There's a possibility of further write-downs to come and that is when you start to get the uncertainty in the market. The market hates uncertainty more than war or famine, said Henk Potts, equity strategist at Barclays Stockbrokers.

MSCI main world equity index was down 1 percent at 8-week lows. It has eroded this year's gains after hitting an all-time high earlier this month but is up around 9 percent since January.

The FTSEurofirst 300 index was down 0.2 percent, also at eight-week lows. U.S. stock futures had been pointing to a firmer open on Wall Street but moved lower on reports of a fire in east London.

London police said there was nothing to suggest the blaze was anything but a fire.

The dollar fell as low as 109.17 yen, while it rose from last week's record lows against the euro and a basket of major currencies.

Along with a constant drip of credit-related problems simmering in the background, the yen's recent ascent has been part of a broad retrenchment in risk amidst concern over the impact on global growth of multi-decade highs in many currency pairs and asset prices, Bank of New York said in a note.

Weakness in the dollar and higher volatility in major currencies is expected to be a focal point when finance ministers and central bank governors from the Group of 20 economies meet in Cape Town at the weekend.

The December Bund future was down 6 ticks.

STERLING LENDING RATES HIGHER

There was some renewed pressure on money markets, with three-month and overnight sterling interbank lending rates hitting one-week highs at their daily fixing.

The renewed focus on banking sector exposure to asset backed securities and leveraged loans is again putting pressure on money market liquidity, Bank of Scotland Treasury said in a note to clients.

While Libor settings have not, as yet, moved up materially, there is a clear bid to instruments eligible with central banks as repo collateral while the ABCP market continues to shrink.

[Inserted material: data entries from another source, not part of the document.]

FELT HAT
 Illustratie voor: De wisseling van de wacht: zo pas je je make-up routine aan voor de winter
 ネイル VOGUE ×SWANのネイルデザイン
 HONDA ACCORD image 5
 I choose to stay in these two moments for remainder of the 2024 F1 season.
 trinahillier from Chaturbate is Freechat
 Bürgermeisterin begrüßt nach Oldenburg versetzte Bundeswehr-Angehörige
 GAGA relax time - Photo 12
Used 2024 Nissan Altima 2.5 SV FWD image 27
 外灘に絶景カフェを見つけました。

Investors are starting to fret over a deteriorating economic growth outlook as leading indicators slip across the developed world. This decline is, of course, in part driven by the tightening in credit availability.

The iTraxx Crossover index, the most widely watched indicator for European credit market sentiment, widened 6 basis points to 382 bps. Emerging sovereign spreads widened 3 bps while emerging stocks fell 2.5 percent.

U.S. light crude was down 1.3 percent at $95.06 a barrel after Saudi Arabia said on Sunday OPEC would discuss boosting oil output at an upcoming meting to cool surging prices. Gold fell to $814.60 an ounce, off last week's 28-year peak.